Wang, Jingzhen, Gao, Peng, Luo, Youqing, Tao, Jing
Gene 2019 v.693 pp. 25-36
Anoplophora glabripennis, antennae, females, functional diversity, gene expression, genes, hosts, hydrophobicity, insects, legs, males, odorant receptors, oviposition sites, palps, phylogeny, plant-insect relations, sex pheromones, smell, taste, transcriptomics, trees
In insects, olfaction plays a critical role in locating hosts, recognizing mates, and selecting oviposition sites. The Asian long-horned beetle (Anoplophora glabripennis Motschulsky) feeds on 43 species of trees in 15 families, but its chemosensory mechanisms are poorly understood.
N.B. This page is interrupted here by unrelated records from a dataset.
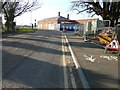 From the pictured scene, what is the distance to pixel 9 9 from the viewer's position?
61719 millimetres

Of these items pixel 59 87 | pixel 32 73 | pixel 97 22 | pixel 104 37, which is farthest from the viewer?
pixel 97 22

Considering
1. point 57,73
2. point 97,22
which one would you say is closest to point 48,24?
point 97,22

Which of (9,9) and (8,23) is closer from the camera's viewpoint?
(8,23)

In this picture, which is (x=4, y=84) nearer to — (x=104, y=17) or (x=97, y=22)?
(x=97, y=22)

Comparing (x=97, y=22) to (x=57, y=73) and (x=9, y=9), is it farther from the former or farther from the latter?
(x=9, y=9)

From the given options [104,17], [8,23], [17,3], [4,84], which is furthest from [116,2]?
[4,84]

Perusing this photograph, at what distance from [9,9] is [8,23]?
5273 millimetres

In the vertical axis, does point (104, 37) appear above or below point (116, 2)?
below

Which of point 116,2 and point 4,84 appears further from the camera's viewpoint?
point 116,2

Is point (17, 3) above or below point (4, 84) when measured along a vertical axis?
above

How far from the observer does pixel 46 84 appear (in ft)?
27.5

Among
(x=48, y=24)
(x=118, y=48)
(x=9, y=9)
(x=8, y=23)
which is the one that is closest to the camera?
(x=118, y=48)

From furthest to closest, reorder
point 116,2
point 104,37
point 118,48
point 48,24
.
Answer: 1. point 48,24
2. point 116,2
3. point 104,37
4. point 118,48

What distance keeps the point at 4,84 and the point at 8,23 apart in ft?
166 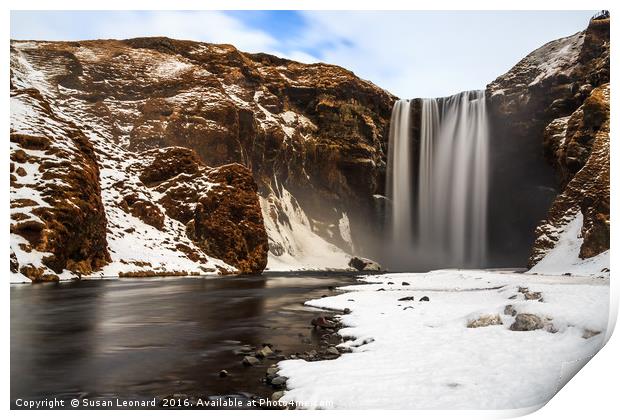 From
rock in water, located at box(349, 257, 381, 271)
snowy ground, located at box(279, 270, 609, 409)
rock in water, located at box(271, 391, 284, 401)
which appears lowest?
rock in water, located at box(349, 257, 381, 271)

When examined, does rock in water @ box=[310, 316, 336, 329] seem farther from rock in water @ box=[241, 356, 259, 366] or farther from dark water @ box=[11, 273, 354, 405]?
rock in water @ box=[241, 356, 259, 366]

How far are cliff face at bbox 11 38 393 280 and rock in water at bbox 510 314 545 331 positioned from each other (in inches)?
544

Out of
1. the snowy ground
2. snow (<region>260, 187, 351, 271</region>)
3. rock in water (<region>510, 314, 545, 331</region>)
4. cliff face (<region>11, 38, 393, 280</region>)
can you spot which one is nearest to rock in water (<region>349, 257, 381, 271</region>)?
snow (<region>260, 187, 351, 271</region>)

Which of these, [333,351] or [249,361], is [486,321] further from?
[249,361]

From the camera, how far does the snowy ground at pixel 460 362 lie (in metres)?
7.02

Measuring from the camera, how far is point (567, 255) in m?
32.7

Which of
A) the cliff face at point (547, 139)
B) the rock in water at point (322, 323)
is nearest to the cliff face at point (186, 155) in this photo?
the rock in water at point (322, 323)

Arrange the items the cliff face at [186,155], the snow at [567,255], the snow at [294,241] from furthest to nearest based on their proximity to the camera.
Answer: the snow at [294,241], the cliff face at [186,155], the snow at [567,255]

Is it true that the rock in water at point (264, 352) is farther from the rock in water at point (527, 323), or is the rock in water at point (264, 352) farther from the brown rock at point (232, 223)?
the brown rock at point (232, 223)

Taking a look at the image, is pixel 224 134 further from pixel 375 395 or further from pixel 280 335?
pixel 375 395

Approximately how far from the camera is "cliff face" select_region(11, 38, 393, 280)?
3127cm

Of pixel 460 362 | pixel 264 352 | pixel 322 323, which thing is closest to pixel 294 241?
pixel 322 323

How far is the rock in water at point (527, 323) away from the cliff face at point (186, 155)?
13.8m

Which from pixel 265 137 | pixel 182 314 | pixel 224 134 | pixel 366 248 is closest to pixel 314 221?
pixel 366 248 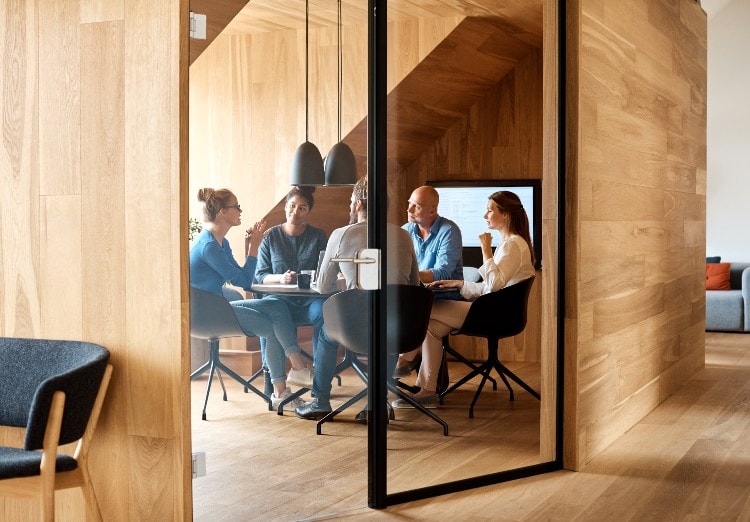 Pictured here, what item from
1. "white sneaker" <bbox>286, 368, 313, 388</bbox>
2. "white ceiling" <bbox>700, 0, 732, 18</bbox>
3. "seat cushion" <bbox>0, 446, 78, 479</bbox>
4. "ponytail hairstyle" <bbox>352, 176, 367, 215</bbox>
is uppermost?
"white ceiling" <bbox>700, 0, 732, 18</bbox>

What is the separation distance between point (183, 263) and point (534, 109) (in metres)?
3.58

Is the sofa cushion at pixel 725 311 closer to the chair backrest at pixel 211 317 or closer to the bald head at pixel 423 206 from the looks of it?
the bald head at pixel 423 206

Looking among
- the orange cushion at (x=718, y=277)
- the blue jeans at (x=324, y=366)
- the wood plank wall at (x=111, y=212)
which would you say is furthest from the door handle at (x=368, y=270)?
the orange cushion at (x=718, y=277)

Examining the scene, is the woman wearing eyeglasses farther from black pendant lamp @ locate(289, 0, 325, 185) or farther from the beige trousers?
the beige trousers

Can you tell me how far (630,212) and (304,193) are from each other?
2451mm

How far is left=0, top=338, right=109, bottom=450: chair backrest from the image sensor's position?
3.01 meters

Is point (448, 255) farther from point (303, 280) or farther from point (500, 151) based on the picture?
point (500, 151)

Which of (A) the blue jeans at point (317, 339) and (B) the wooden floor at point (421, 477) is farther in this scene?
(A) the blue jeans at point (317, 339)

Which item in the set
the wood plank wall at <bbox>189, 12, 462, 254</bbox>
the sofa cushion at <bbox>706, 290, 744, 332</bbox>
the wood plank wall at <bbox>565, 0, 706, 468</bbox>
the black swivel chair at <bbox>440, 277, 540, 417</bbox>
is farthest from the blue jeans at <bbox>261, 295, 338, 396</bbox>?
the sofa cushion at <bbox>706, 290, 744, 332</bbox>

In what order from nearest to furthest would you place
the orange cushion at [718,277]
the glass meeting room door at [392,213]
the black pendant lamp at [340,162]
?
the glass meeting room door at [392,213], the black pendant lamp at [340,162], the orange cushion at [718,277]

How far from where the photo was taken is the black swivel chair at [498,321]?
16.2 feet

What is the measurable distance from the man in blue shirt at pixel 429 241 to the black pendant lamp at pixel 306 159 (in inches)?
21.3

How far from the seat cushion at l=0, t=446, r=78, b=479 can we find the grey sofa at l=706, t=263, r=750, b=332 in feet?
27.3

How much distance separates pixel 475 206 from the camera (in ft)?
15.0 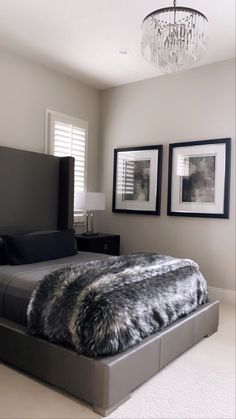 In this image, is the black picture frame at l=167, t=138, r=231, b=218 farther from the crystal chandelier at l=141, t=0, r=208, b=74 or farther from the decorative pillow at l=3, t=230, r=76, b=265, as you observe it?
the crystal chandelier at l=141, t=0, r=208, b=74

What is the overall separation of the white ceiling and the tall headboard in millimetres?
1228

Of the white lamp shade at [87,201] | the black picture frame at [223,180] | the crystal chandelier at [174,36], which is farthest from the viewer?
the white lamp shade at [87,201]

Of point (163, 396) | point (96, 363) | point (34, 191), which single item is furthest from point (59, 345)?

Herein, genes encoding 61 odorant-binding proteins (OBPs) were identified from the published genome and our previous A. glabripennis transcriptomic data. To investigate their physiological functions, we performed expression profiling of all AglaOBPs in the antennae, legs, and maxillary palps of both sexes. Phylogenetic analysis clustered A. glabripennis OBPs into four subgroups, comprising 29 Minus-C OBPs, 15 Antennae-binding proteins (ABPIIs), 10 Classic OBPs, and one Plus-C OBP. 12 AglaOBP genes were expressed specifically in antennae, and AglaOBP3, AglaOBP18, AglaOBP21, AglaOBP33, AglaOBP41, AglaOBP45, and AglaOBP47 were particularly highly expressed in male antennae. These proteins may function in the detection of female sex pheromones. AglaOBP23 and AglaOBP44 were preferentially expressed in maxillary palps. Expression profiling suggests that many OBPs may be involved in olfaction and gustation, in addition to carrying hydrophobic molecules. The AglaOBPs family has acquired functional diversity concurrently with functional constraints, and further investigation could provide insight into the roles of OBPs in chemoreception.